Does anyone know of a way to get around this problem? If there is no fairly simple solution, I guess I will test on the live server, and just use a non-published page for the testing, which should be fairly innocuous.
EDIT
I think I understand better now what's happening. My understanding is that this protects me from having a site intercept data I request by redirecting it to a different address (or something like that).
As requested, here is my test code:
var data = encodeURIComponent('select from yahoo.finance.quotes where symbol in ("GOOG")&env=http://datatables.org/alltables.env&format=json');
var url = 'http://query.yahooapis.com/v1/public/yql ';
jQuery.getJSON(url, 'q=' + data, callback);
My callback function never gets called, so it's not relevant here.

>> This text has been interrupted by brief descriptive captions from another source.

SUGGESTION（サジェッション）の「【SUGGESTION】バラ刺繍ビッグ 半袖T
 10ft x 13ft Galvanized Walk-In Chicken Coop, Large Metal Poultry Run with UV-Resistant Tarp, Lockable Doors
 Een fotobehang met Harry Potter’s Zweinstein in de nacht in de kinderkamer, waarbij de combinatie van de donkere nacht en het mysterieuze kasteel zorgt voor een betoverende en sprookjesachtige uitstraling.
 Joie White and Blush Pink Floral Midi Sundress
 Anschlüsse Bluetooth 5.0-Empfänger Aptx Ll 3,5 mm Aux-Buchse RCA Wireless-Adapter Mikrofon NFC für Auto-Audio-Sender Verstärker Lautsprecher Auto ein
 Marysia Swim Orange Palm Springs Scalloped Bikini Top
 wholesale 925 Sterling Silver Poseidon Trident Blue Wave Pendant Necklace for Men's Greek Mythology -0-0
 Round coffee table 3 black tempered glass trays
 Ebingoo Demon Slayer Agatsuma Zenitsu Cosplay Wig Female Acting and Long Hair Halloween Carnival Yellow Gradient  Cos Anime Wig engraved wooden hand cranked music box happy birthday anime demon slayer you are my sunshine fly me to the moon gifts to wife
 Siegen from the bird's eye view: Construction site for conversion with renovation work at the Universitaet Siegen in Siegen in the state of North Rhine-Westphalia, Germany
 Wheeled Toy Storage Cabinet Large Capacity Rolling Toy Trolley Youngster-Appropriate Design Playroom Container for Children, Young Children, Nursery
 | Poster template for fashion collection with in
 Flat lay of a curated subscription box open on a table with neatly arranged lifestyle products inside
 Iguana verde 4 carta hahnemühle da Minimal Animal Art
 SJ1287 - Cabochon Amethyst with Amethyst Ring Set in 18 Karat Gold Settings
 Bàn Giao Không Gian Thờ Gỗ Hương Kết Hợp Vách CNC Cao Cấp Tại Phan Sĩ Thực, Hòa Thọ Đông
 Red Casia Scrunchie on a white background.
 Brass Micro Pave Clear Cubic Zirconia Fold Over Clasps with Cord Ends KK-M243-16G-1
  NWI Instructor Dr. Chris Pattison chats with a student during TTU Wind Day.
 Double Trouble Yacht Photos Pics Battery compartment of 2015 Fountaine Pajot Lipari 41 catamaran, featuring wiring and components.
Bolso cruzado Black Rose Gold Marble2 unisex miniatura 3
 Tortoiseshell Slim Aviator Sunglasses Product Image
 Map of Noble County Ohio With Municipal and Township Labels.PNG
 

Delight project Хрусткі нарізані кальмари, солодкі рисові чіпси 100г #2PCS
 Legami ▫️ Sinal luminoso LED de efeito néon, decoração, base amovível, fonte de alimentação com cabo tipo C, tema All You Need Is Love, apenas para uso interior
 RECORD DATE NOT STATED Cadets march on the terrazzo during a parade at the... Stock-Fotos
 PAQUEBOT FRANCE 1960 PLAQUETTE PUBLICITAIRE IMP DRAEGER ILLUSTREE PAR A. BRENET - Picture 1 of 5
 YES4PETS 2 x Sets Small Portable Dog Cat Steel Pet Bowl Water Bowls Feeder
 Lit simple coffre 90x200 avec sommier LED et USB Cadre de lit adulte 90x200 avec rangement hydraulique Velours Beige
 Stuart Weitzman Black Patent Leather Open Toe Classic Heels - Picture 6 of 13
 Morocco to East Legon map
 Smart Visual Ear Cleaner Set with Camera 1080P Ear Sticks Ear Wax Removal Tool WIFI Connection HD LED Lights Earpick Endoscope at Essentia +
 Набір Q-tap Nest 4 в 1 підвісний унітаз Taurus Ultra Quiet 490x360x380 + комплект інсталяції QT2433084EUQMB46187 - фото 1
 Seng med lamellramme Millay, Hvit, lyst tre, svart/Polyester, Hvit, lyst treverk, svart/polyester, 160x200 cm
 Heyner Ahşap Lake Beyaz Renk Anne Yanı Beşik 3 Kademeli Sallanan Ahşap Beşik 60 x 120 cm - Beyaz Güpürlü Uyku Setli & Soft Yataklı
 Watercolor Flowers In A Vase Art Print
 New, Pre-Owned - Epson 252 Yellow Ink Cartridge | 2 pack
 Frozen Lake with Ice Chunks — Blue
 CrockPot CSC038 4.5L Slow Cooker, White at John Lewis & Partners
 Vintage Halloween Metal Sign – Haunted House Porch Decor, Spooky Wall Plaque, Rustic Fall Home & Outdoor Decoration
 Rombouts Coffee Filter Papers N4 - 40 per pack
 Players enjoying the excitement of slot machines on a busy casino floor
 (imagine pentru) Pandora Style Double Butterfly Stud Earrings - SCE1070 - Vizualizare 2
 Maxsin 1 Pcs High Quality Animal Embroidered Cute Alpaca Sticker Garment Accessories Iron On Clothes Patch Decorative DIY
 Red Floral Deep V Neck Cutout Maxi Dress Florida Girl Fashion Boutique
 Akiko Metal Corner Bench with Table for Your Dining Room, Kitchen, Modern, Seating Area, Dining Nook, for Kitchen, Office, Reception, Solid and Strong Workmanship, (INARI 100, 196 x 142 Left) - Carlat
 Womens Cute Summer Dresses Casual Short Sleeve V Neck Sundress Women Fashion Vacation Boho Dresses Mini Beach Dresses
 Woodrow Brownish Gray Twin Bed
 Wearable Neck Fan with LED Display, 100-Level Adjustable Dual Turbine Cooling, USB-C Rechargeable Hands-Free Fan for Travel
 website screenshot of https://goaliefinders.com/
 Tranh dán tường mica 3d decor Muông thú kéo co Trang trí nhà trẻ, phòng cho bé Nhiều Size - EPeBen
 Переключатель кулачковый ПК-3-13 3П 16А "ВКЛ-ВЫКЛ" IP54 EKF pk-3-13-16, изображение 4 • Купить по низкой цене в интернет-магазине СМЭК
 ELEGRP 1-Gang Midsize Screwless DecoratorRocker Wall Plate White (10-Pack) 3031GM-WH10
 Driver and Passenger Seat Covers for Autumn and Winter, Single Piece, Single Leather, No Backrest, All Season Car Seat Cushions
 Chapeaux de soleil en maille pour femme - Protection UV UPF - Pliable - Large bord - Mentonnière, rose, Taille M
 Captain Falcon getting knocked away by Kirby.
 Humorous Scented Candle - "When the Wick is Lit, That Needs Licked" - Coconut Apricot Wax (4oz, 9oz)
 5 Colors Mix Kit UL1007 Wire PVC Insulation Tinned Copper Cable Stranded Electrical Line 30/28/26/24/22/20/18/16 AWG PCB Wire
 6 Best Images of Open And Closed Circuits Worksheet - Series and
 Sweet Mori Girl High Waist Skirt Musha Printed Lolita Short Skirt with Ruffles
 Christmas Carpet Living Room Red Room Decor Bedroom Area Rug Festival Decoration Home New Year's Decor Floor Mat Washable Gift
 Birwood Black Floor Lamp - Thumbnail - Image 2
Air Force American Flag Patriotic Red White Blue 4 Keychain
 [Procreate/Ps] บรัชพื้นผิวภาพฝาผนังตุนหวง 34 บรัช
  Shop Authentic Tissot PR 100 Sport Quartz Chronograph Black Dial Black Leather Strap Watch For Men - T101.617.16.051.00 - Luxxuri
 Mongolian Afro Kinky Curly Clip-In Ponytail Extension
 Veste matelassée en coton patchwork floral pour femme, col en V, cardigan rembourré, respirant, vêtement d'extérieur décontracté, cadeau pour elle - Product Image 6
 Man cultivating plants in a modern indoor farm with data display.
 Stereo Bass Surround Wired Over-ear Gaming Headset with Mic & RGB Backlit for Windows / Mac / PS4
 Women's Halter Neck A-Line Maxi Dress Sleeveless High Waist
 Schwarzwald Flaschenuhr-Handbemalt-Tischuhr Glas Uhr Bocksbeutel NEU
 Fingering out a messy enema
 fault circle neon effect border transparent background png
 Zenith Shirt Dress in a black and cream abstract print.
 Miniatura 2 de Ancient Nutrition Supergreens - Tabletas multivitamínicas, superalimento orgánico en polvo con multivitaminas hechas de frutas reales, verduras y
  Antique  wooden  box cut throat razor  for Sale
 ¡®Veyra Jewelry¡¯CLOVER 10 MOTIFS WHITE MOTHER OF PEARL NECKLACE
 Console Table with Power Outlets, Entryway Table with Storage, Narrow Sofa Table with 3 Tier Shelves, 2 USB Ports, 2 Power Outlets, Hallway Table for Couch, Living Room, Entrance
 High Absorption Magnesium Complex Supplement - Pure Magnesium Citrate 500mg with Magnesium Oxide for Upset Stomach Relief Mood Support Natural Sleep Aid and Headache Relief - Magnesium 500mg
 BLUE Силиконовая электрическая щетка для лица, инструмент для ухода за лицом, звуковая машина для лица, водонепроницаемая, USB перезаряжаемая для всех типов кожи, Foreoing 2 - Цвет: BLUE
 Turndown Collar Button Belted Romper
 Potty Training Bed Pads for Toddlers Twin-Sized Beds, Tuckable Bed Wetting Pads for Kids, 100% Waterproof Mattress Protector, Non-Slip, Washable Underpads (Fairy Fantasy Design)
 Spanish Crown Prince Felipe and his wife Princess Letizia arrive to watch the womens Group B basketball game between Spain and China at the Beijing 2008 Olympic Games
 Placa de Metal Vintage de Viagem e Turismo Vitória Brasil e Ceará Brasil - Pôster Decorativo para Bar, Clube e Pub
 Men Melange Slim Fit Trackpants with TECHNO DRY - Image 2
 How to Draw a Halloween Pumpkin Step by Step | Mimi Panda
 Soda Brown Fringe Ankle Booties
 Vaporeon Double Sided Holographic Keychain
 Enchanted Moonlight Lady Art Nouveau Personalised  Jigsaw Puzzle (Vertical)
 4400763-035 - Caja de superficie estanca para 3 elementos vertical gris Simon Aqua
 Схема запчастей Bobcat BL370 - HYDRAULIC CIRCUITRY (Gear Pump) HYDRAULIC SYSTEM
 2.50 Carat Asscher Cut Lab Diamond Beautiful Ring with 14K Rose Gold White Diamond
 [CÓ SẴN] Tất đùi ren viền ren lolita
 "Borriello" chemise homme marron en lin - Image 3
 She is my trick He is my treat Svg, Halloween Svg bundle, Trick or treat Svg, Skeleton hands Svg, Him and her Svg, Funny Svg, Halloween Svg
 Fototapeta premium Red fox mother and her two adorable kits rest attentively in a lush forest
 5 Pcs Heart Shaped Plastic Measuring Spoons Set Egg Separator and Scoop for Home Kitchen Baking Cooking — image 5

I can paste the entire URL into the address bar of either Firefox or Chrome, and get the data back without error, so I know that's right.
I tried the command line "google-chrome --disable-web-security" as suggested by Maximillian Laumeister, and got this error in the console:
XMLHttpRequest cannot load http://query.yahooapis.com/v1/public/yql%20?q=select%20%20from%20yahoo.fina…OG%22)%26env%3Dhttp%3A%2F%2Fdatatables.org%2Falltables.env%26format%3Djson. No 'Access-Control-Allow-Origin' header is present on the requested resource. Origin 'http://www.wenboinvestment.com' is therefore not allowed access. The response had HTTP status code 404.
(His website is wenboinvestment.com)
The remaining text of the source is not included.